Despite being better on your joints, cycling uses about the same amount of energy as jogging. It could be advisable to pick cycling over jogging if you have joint problems. To lower cholesterol, you can consider using a stationary exercise bike or nearby trails.
People who biked to work had a lower risk of developing high cholesterol than those who did not, according to research published in the Journal of the American Heart Association.
Swimming, water walking, and participating in water sports can all lower your cholesterol in a similar way to other cardiovascular exercises while also being gentle on your joints.
Exercises involving resistance, such as lifting weights or using resistance bands or even your own body weight, are beneficial on their own and even more so when they are part of a routine that also incorporates aerobic activity.
Studies have revealed that yoga, while being a generally low-intensity exercise, may lower the risk of heart disease and may have a favorable impact on cholesterol levels. In a major review published in 2014, it was discovered that frequent yoga practitioners had significantly lower LDL cholesterol, higher HDL cholesterol, and lower blood pressure than non-yogis.
How Much Exercise Is Required for Reducing Cholesterol?
It matters how much and how frequently you exercise. You should aim for 150 minutes of moderate-intensity aerobic activity per week, 75 minutes of vigorous aerobic activity per week, or a combination of both, preferably spread out over the course of the week, according to the American Heart Association.10
By being active for at least 300 minutes (five hours) per week, you’ll get even greater benefits. Include at least two days per week of moderate- to high-intensity muscle-strengthening exercise.

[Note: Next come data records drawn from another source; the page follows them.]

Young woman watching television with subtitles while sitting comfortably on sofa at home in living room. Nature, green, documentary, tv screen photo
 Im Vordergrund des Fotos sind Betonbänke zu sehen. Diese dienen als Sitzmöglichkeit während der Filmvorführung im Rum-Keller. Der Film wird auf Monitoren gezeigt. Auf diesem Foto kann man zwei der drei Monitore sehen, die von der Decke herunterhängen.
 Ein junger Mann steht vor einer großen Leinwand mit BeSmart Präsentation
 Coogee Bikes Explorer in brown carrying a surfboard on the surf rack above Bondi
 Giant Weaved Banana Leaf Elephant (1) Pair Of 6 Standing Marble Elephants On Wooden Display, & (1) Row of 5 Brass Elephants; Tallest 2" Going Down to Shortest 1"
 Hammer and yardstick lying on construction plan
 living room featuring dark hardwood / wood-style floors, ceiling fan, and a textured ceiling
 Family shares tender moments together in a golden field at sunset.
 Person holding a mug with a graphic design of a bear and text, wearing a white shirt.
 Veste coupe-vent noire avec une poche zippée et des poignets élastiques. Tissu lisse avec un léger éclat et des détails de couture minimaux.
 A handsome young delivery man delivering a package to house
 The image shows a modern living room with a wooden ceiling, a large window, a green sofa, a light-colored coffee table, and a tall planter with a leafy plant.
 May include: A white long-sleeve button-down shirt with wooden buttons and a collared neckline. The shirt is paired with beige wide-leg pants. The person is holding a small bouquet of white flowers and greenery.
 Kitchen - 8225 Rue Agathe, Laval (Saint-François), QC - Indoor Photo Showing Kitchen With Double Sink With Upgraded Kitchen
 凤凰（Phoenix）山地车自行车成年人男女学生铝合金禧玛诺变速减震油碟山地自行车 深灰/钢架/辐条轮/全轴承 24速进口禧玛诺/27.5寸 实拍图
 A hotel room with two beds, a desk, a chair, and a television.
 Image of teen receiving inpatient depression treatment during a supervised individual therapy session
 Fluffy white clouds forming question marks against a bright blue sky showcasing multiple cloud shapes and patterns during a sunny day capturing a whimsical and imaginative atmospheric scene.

Nevertheless, any form of exercise is preferable to inactivity, even if it only involves walking around the block or choosing the stairs over the lift.
Furthermore, you can break up your activity into shorter sessions throughout the day of 10 or 15 minutes if you find it difficult to exercise for extended amounts of time. This will still have the same positive effects.
Up until your aerobic endurance grows, you should keep the intensity of your workouts at a low or moderate level. Start off working out for 10 to 15 seconds at a time and gradually increase that to 30 seconds. Increase quantity and intensity over time in a steady manner.